The boom in merger and acquisition deals has led to a surge in insider trading. But is anyone taking the crime seriously? Indeed, should they bother? Simon Wilson reports
What is insider trading?
It is trading in shares (or other assets, or derivatives) when in possession of price-sensitive information not known to the market at large. It most commonly takes the form of people involved in takeover bids buying up shares in the target company to profit from a one-off boost when the bid is announced. Usually, such traders will get their spouses’ or relatives’ friends to deal on their behalf. Or they might sell the privileged information for a cut of a third party’s profits. Sometimes, insider dealing is more daring: in February, the Securities and Exchange Commission (SEC), America’s markets watchdog, charged a Hong Kong firm, Blue Bottle, with market abuse. It had made $2.7m by trading on information gained by hacking into computers.

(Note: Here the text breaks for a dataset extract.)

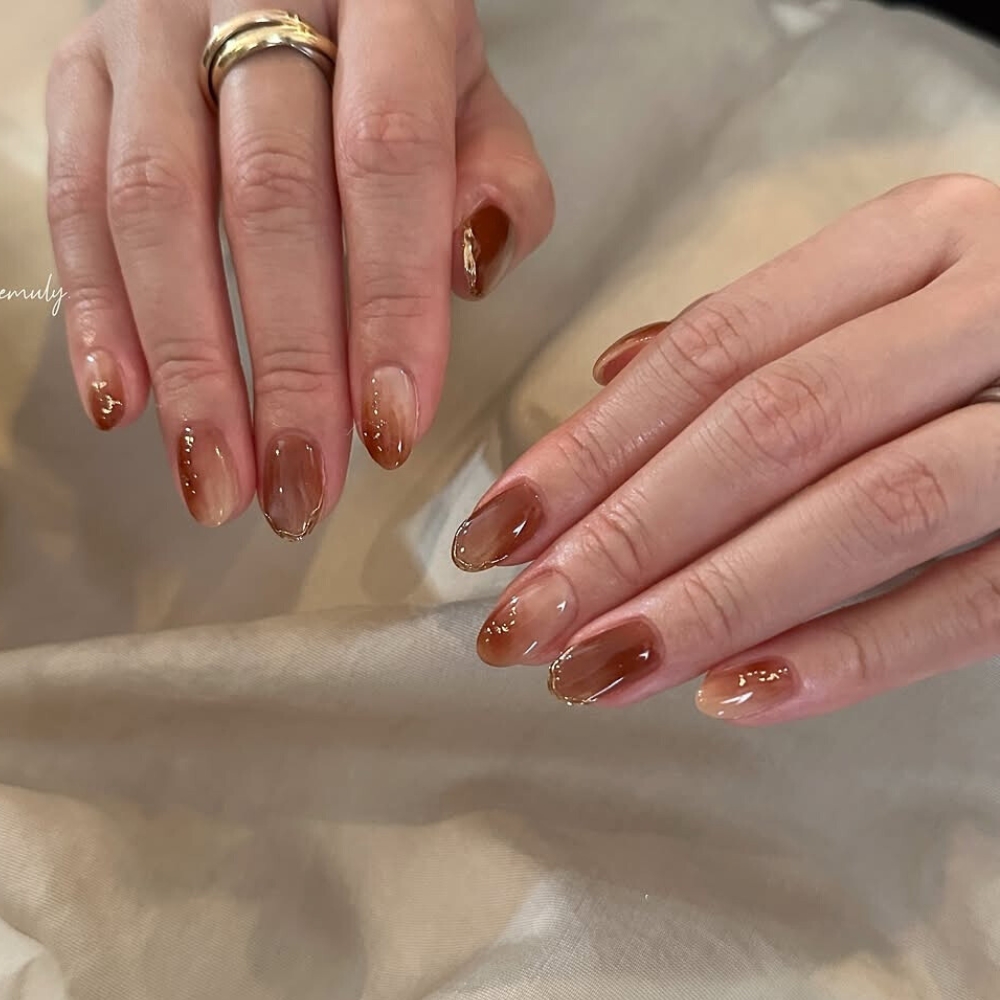 đôi tay với bộ nail nâu ombre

Why is insider trading illegal?
It hasn’t always been. In the old days of the City, when a gentleman’s word was his bond, practices that would now be classed as insider trading were widely accepted as a perk of the job. As long as no one got too greedy, bankers and brokers routinely earned a bit extra by dealing ahead of the market. Moreover, there are some free-market fundamentalists, including Milton Friedman, who have argued that insider trading is perfectly natural and indeed to be encouraged. Why? Because it benefits all investors by bringing new information to the market. After all, if a company is to be taken over, the sooner this is factored in by the market the better.

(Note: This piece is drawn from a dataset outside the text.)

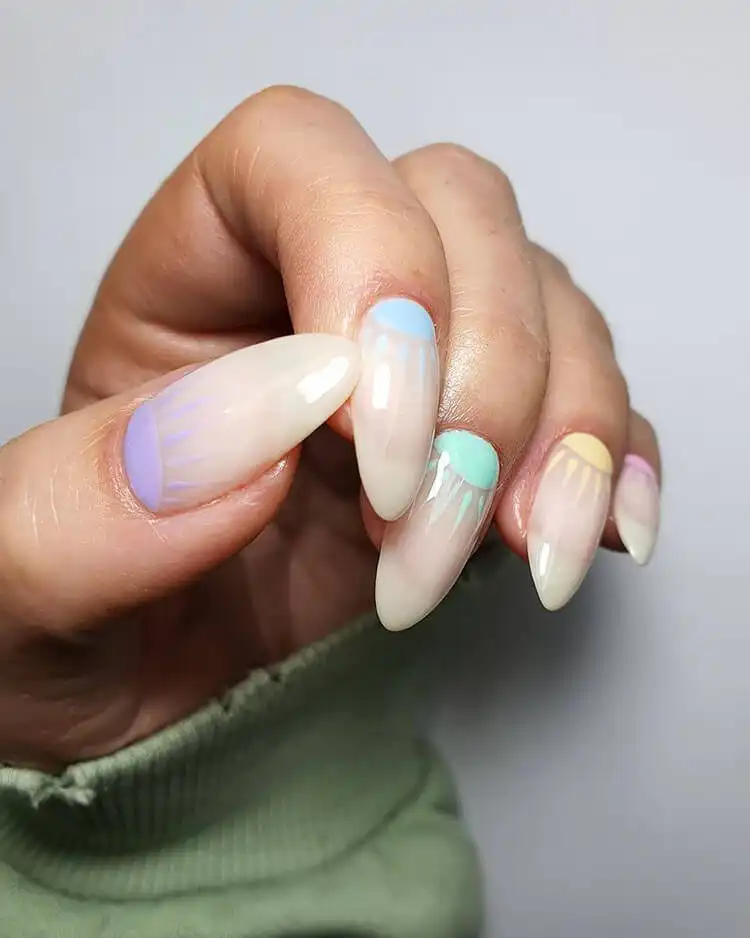 Sunshine pastel acrylic nails with soft, blended colors, creating a serene and beautiful gradient effect.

What’s wrong with this view?
It’s too idealistic. It assumes that markets operate in an ideal world where perfect information is equally available to all participants. In truth financial markets are marked by an uneven spread of power and knowledge. Insider traders effectively steal from ordinary small investors who don’t have access to privileged information – which is why it’s treated as fraud and is against the law. They also distort the market and thus undermine confidence in it.

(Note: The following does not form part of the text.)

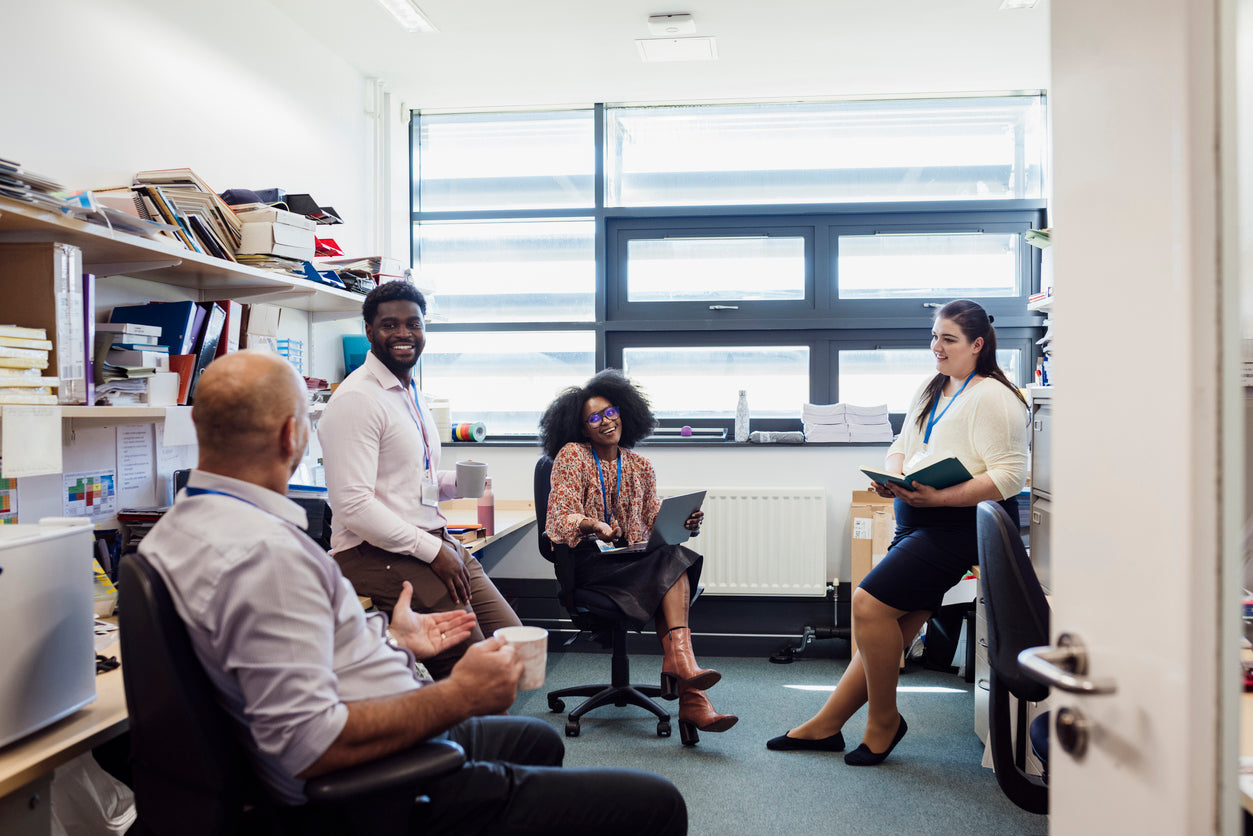 Four people in an office discussing around a table.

How widespread is insider trading?
According to a 2005 analysis by the Financial Services Authority, about a quarter of deals are subject to insider trading. But an anonymous source told the FT recently that “it is more like less than a quarter of [insider] deals don’t leak. No one thinks they are going to get caught and if they do the worst that can happen is a fine.” Certainly, anecdotal evidence suggests insider trading is surging. Recently there have been plenty of suspicious share spikes.
Such as?
At Hanson a fortnight ago, when a sharp upward price movement forced its suitor HeidelbergCement into a premature announcement of its intentions. At the same time, a false rumour was put about that Irish building materials firm CRH was about to receive a takeover bid – giving insider traders the perfect cover for buying Hanson on the grounds that the whole sector would be due a lift. This shows how insider traders are becoming bolder – speculating not just on imminent deals but on imaginary ones. In recent months, several high-profile firms have seen massive intra-day price rises (some of more than 10% and a ludicrous 21% in the case of Rio Tinto last week) thanks to unfounded takeover talk. No mergers were announced, but plenty of people banked untold profits for doing nothing.
What’s going on?
A more sophisticated market and financial instruments, more opportunities and places to trade, and the rise of hedge fund activity – all these factors mean that insider dealing is on the up. Observers note that hedge funds have an interest in fostering stockmarket volatility and an even greater interest in being able to predict it. They use derivatives to make huge profits from even tiny share-price movements. Meanwhile, the private-equity boom – leveraged takeovers involving large consortia of individuals and firms – means that a wider circle of people know about transactions before they are announced.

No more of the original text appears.